The coming-of-age book, which is often studied by young readers in school, follows Ponyboy Curtis and his friends, who are jumped after leaving a movie theatre. Ponyboy’s a member of the Greasers, and the kids who jump him are Socs; he thinks it’s impossible for members of the different gangs to get along, until he spends time with one of the Socs’ girlfriends, Cherry Valance.
This breach has consequences, though. Ponyboy and his friend Johnny find themselves in increasingly dire scenarios, culminating in a church fire.
Hinton was only 15 when she started writing the book, which was later turned into a film, and 18 when it was published. In an interview with Entertainment Weekly, she said, “There was nothing realistic being written for teens at that time. It was all, like, Mary Jane Goes to the Prom. And I’d been to a few proms, and that was not what was happening. I really wanted to read a book that dealt realistically with teenage life as I was seeing it.”
So, instead of penning what was essentially an instruction manual for how teens ought to behave, Hinton took a critical look at how kids did behave, where she lived in Tulsa, Oklahoma.
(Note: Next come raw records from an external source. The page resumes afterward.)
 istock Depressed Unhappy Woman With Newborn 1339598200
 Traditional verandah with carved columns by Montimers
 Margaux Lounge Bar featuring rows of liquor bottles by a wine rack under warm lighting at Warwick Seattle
The Outsiders examines class, and the role it can play not only in how students interact, but in their ability to put their best foot forward in school.
By the end of the book, it’s revealed that Ponyboy’s story is being told for an English paper. He’s at risk of failing the class, but his teacher has allowed him a shot at passing if he’s able to pick a compelling topic. So he chooses his own experiences.
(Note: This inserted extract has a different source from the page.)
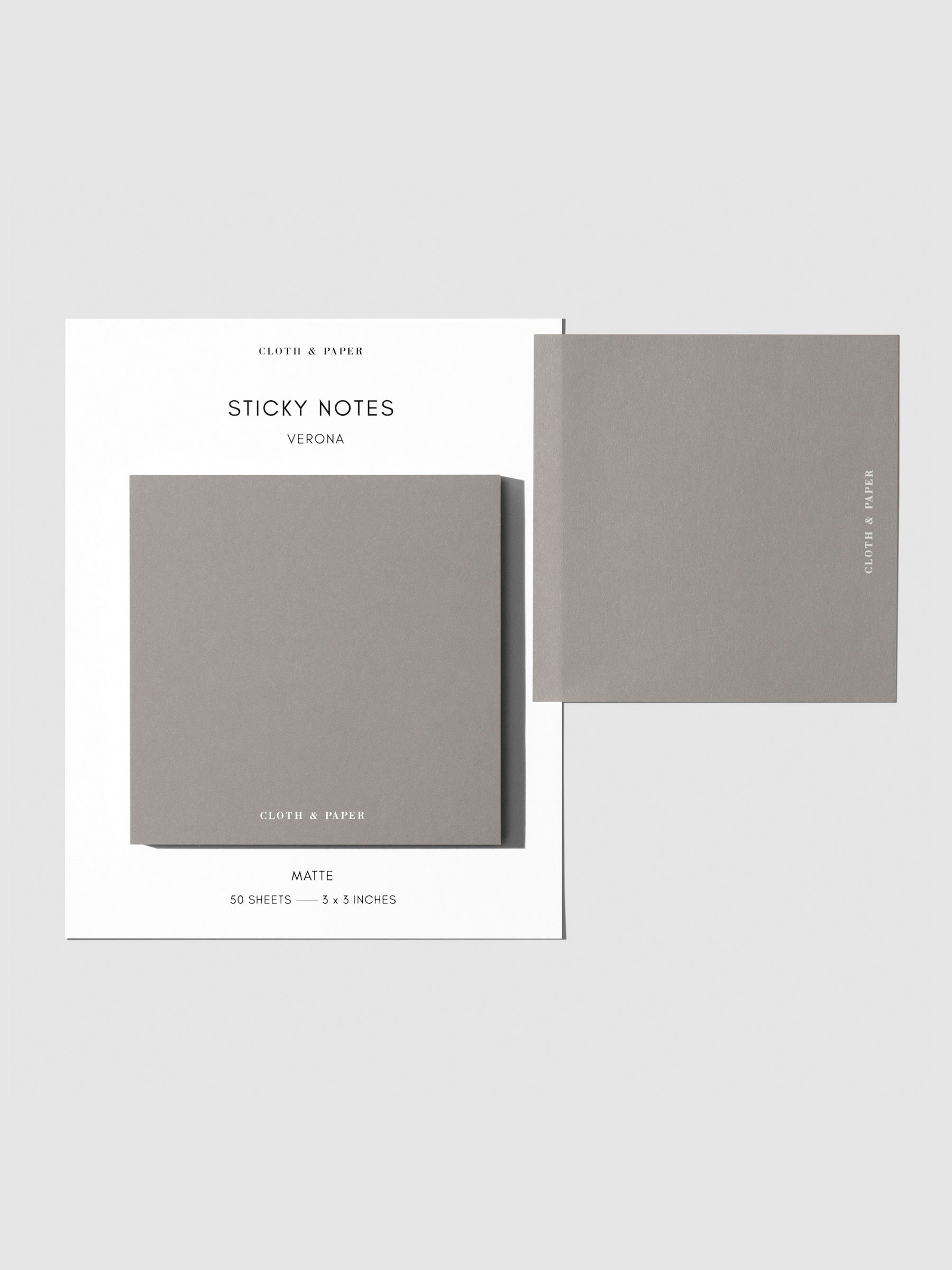 Sticky note set displayed against a neutral background. One note is placed on the packaging's edge. Color shown is Verona.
In the EW interview, Hinton said her book is “basically” responsible for creating the entire genre of YA. While the book wasn’t an immediate hit ― “my success was slow,” Hinton said ― her publisher noticed that it resonated with a certain market.
“Teachers were using it in classrooms and kids were passing it along by word of mouth. All of a sudden it was like, ‘Oh, there is a market we can specifically tap into there.’” Hinton told EW.
Before that, books about young protagonists weren’t necessarily written for young readers; Hinton cites Catcher in the Rye, but there’s also Twain and Dickens, and others whose language is suited to adults.
Today, realistic YA is a huge genre, with authors like John Green, Nicola Yoon and R.J. Palacio getting their work turned into popular movies. Those writers may have Hinton to thank ― her classic book has, thankfully, stayed gold.